Quel giorno che il cinema ci salvò. Sembra basarsi su questa frase qui inventata il 72° Festival di Berlino (10-16 febbraio), così fortemente voluto “in presenza” dagli organizzatori, nonostante le note difficoltà, da suscitare una certa emozione. Perché se è vero che in “era Covid” hanno preso forma già due edizioni della Mostra veneziana e una del Festival di Cannes, la situazione berlinese – invernale e con un altissimo numero di contagi in Germania – è un’altra faccenda, tale per cui molti degli operatori la pensavano dirottata allo streaming del last minute. E invece il Bundesregierung ha appoggiato il coraggio della governance della Berlinale, specie dei suoi direttori Carlo Chatrian e Mariette Rissenbeek, riformulando un’edizione ridotta nei giorni, ma non nel numero di film, in cui la parola d’ordine è di certo “in sicurezza”.
Che la scommessa sia vinta è ancora da dimostrarsi, ma le premesse del primo giorno fanno ben sperare: la macchina di Berlinale sembra funzionare alla perfezione, con hub di tamponi gratuiti ad ogni angolo di strada (obbligatori ogni 24h per le attività della stampa), una piattaforma agile per la prenotazione delle proiezioni, e i QR code a regnare sovrani per ogni circostanza. Un festival a prova di 2G (minimo di dosi vaccinali indispensabile all’accesso) che ora, però, deve mostrarsi all’altezza dell’arte cinematografica messa in programma.

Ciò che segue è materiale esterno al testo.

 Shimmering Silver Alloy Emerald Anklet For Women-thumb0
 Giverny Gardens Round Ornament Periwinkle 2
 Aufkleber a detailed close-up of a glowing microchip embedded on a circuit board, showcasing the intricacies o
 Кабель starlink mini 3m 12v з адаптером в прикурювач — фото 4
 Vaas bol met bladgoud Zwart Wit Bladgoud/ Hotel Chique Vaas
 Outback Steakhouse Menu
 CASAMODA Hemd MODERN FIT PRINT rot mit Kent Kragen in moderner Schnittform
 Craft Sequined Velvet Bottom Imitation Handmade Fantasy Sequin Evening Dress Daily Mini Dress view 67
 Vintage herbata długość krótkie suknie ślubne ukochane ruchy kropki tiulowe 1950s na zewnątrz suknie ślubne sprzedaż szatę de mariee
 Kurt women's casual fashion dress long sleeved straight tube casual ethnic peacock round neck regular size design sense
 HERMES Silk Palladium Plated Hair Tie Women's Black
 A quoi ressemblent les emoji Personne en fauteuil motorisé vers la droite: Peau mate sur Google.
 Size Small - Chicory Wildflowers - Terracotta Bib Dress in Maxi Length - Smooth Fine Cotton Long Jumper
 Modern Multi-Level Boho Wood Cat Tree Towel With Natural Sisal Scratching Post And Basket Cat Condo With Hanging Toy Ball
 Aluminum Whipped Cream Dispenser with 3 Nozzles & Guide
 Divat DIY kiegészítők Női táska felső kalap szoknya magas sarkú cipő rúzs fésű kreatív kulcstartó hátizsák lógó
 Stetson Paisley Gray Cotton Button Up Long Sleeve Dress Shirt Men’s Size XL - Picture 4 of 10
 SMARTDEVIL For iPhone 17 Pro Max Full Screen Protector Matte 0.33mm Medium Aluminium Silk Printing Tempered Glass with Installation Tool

Dunque, e a maggior ragione, ripetiamo: quel giorno che il cinema ci salvò. Perché l’apertura del festival e del concorso ufficiale affidata alla meta-cinefilia che omaggia il genio di Rainer Werner Fassbinder era sulla carta la risposta più sensibile e coraggiosa, specie in patria. Virato rispetto all’originale del 1972 sull’omosessualità maschile, che del resto è dichiaratamente incarnata da François Ozon che ne firma la regia, Peter von Kant è di certo la sfida più rischiosa e dissacrante intentata dal cineasta parigino dell’intera sua carriera. Toccare il sacro senza profanarlo: un’impresa quasi impossibile. Per questo Ozon, che da tempo era ossessionato dal mondo di Fassbinder, cerca e trova parzialmente una via di fuga: oltre alla svolta gender, trasforma la stilista di successo Petra nell’osannato e talentuoso regista cinematografico Peter – che di fatto “diventa” Fassbinder stesso anche per somiglianza fisica (in tal senso è straordinario l’attore Denis Ménochet) – e con lui tutto il suo universo umano dentro a un Kammerfilm (o Kammerspiel basandosi notoriamente sulla piéce teatrale dello stesso RWF) che muta da femminile a maschile. “Non ho voluto aggiornare la vicenda, perché amo gli anni ’70” ha sottolineato Ozon alla conferenza stampa berlinese, reagendo a chi supponeva che una riedizione di questo immortale capolavoro potesse almeno rivivere ai nostri giorni.
Con alcuni elementi rimasti intatti (fra questi la commovente presenza della musa di RWF, Hanna Schygulla, qui nei panni della madre dopo aver interpretato l’indimenticabile Karin), una bella scenografica vintage, alcuni momenti struggenti e cinematograficamente rilevanti, la “riduzione” (anche di durata, essendo solo 90’ rispetto ai 124’ de Die bitteren Tränen der Petra von Kant) operata da Ozon ha una sua dignità in quanto accosta al “verbo” di Fassbinder sull’umana sorte e sul dolore estremo anche una riflessione sul cinema stesso, e tuttavia non impedisce di suscitare la domanda di fondo: perché?
A cercare una risposta sarà anche la giuria internazionale guidata dall’immaginifico regista indo-statunitense M. Night Shyamalan, da oggi impegnata nel non facile lavoro di condensare le visioni di 18 concorrenti in 6 giorni.